OK, I can live with that. I've been thrown off by the unexpected many times. But then, she started class, and I thought I was going to lose my mind. I was once again reminded of what it was like to be the kid in the class who was bored. All I wanted was to get into the poses, breathe, and feel my body respond to the movement and holds. And then she would do things like say, "Let me show you..." and would start to explain a new pose. And of course, students would begin o follow (because she had students follow before). But then she would change her mind and tell us to watch. urgh.

The high (low) point was when she noted that she was relieved that the folks who knew what they were doing were in the back of the room. Gee, make people feel bad because they'd never taken a class before. And why not use those students with more experience as models?

My point here is that teachers can make lousy students because they have an idea in their heads about how teaching and learning ought to occur. As one of those teachers who has always worked with a wide range of students, I know not to call out students. I also know that I need to give directions and be consistent. And, I also know that I need to tell students where we are going, where we have been, and where we will go.

Sigh. I'm going to try and leave the teacher me at home next week so that I can simply enjoy the yoga. I need it. I want it.


Themathwiz said...

I have the same feeling in osme of the classes I attend at some boring Professional Development sessions. I had a trainer in a law workshop, who sat in the room and kept reading from articles. He had no eye contact with the students, had no energy whatsoever. Instead of listening to what he is saying, I was analyzing his methodology.

liveandletdie said...

I've actually taken yoga classes for five years as part of my dance company and I've also gone to a studio to take a handful of classes. And I have noticed the students who are continuously there get more attention then the ones just trying the class out. I've also noticed if one student has more potential than another, they get alot more coaching than the person who actually needs it.
When you were talking about the "just watch" I've encountered that alot in dance classes, we would get yelled at if we tried to do what the teacher was doing if she said "just watch". I don't understand how that helps anyone.
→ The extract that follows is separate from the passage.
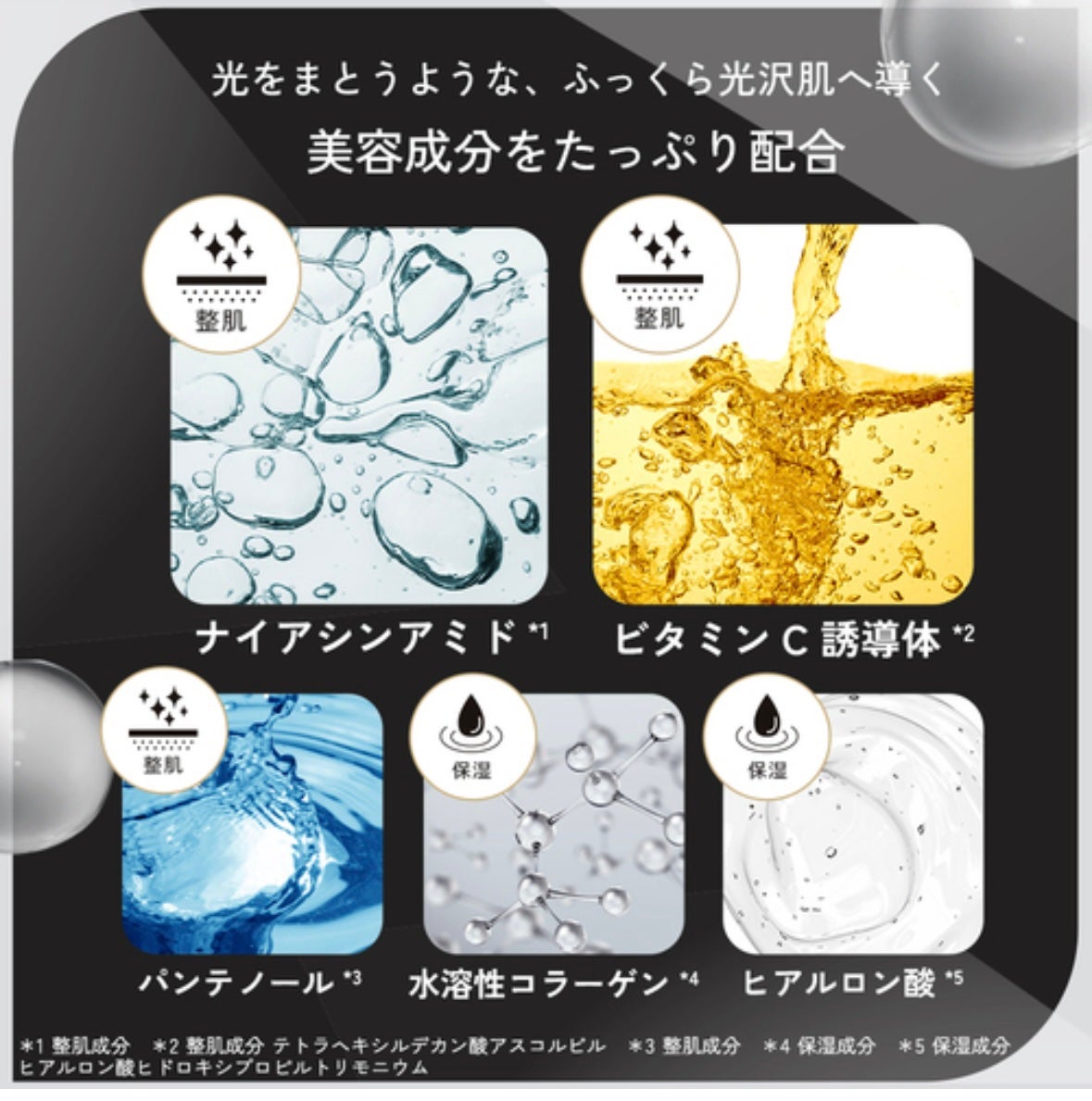 ルルルン ハイドラ PD マスク/ルルルン/シートマスク・パックを使ったクチコミ(5枚目)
I hope you enjoy your yoga classes!

profileparanoid said...

I used to think that i was just a critical b@#$% b/c whenever I played the student role, I always thought the teacher should teach "my way" or "the right way". Inless ofcourse Dr. G is the teacher b/c she's great!!!! What Im growing to understand both through my education esperiences as well as my new marriage that "my way" does not equate to the "right way" or "only way". In fact, as a teacher of special education, we are consistently modifying information to the students best understanding. If we have a student, yoga or otherwist that is a visual learner and the instructor is more of an auditory presenter, we revamp the 411 into a visual presentation. I try to keep this in mind when I am in class and a professor insists on putting up a power point and reading it word for word!

Melissa said...

Reading this brought me back to a terrible professional day that I try to keep locked away in my memory. We, for some insane reason I've yet to learn, spent the day learning how to fold paper in interesting displays. While the occasional oragami trick is neat, this was not oragami. This was how to make a box out of a piece of paper to display a scene. Being the good student I bit my tounge and would not allow myself to ask the "teacher" why not just use a shoebox?!? Sitting through that ALL DAY professional day folding paper, subjecting my poor fingertips to papercuts I did not make a good student. I grumbled, moaned and made sarcastic comments under my breath. I'm sure I was the student that caused the teacher to reach for a beer that night. But hey, it happens to the best of us right?